殺戮都市
倒れている怪物に駆け寄り、慈しむように傷を舐めて。


怪物の間にも、愛情という物が存在しているのだろうと感じずにはいられなかった。


だけど、そんな事を俺に伝える為にこんな所まで来たっていうのか?


こんな事をしなければ、死ぬ事もなかっただろうに。


「!?……少年、この怪物は私が始末する。小さいとは言え、成長すれば人を喰らう怪物になる。

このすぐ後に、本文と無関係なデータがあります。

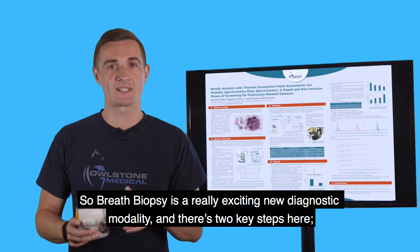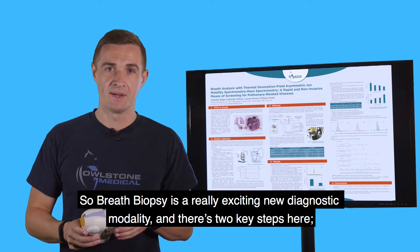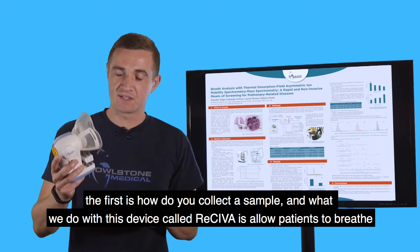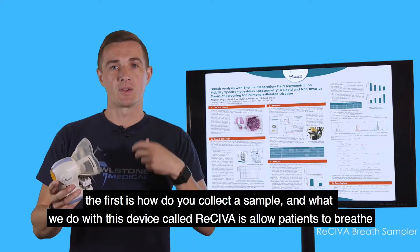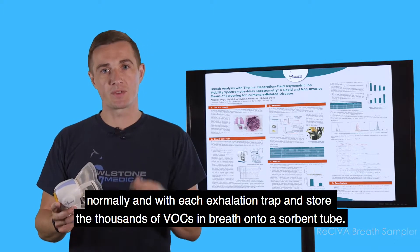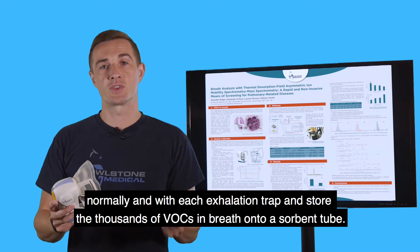Breath biopsy is a really exciting new diagnostic modality and there are two key steps here. The first is how do you collect a sample, and what we do with this device called Receiva is allow patients to breathe normally, and with each exhalation trap and store the thousands of VOCs in breath onto a sorbent tube.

そうなる前に、私が……」


何を考えているのか、俺の視界を塞ぐように立って、トンファーを抜く恵梨香さん。


いやいや、いくら何でもそれはあまりにも酷いんじゃないの?


怪物が、死にそうになってまでやって来た場所にいた、子供の怪物を殺そうなんて。


「待ってください恵梨香さん!どうしていきなり殺そうとするんですか!」


「相手は怪物なんだ、私達人間とは違うんだぞ!放っておけば、いずれ私達を喰らおうとするんだ!」


恵梨香さんが言ってる事は正しい。


この街に生きる者にとって、それは至極当然の行動で、間違っているのは俺の方。


そんな事は分かってる。


分かった上で、俺は怪物に付いて行くと決めたんだ。


その結末がこれじゃあ、あまりにも虚しすぎる。